Background: Supportive respiratory care and airway management are very important in treating COVID-19 patients with respiratory failure. There are two techniques for supporting patients with respiratory failure.
Objectives: The current study aims to evaluate the efficacy and quality of patient care with early tracheostomy in intensive care unit (ICU) and compare mortality, hospital stay, and outcome between intubation and early tracheostomy.
Methods: This study is conducted on total patients with confirmed COVID-19 in the ICU centers of a tertiary hospital. At the beginning of the study, all patients were intubated and connected to a mechanical ventilator. Within three days, the intensivists randomly performed bedside percutaneous dilational tracheostomy (PDT) for half of the patients. Early tracheostomy was defined as conducting tracheostomy within three days from intubation.
Results: The total number of 36 patients was included in the study and categorized into two groups, including 18 patients in the early tracheostomy and 18 in orotracheal intubation. Half of the patients (50%) in the tracheostomy group were recovered from COVID-19 respiratory failure and discharged from ICU and hospital. All patients in the intubation group were expired.

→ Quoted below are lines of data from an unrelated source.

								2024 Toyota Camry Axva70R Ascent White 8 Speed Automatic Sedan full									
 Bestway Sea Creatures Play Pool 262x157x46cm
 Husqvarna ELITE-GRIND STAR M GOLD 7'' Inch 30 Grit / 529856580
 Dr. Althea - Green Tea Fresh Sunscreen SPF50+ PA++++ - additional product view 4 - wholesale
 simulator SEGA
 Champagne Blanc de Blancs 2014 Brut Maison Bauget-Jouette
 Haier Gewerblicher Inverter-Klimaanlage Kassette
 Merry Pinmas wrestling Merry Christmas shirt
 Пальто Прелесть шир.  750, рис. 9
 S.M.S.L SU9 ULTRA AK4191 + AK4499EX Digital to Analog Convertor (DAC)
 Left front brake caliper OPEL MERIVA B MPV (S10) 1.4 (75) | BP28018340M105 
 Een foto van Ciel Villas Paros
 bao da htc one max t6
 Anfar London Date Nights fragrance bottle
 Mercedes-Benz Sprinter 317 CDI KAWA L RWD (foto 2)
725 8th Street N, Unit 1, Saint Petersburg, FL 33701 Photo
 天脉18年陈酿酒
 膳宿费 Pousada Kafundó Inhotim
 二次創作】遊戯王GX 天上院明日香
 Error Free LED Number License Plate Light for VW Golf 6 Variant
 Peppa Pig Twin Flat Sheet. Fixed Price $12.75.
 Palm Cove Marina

The length of staying alive in ICU in patients with an early tracheostomy was 26.47 ± 3.79 compared with 7.58 ± 2.36 days in intubated patients.
Conclusion: The early tracheostomy compared with orotracheal intubation in respiratory failure patients with COVID-19 can significantly decrease mortality. However, airway management with an early tracheostomy increases the hospitalization stay and can increase recovery. So, conducting the early tracheostomy is recommended in this study.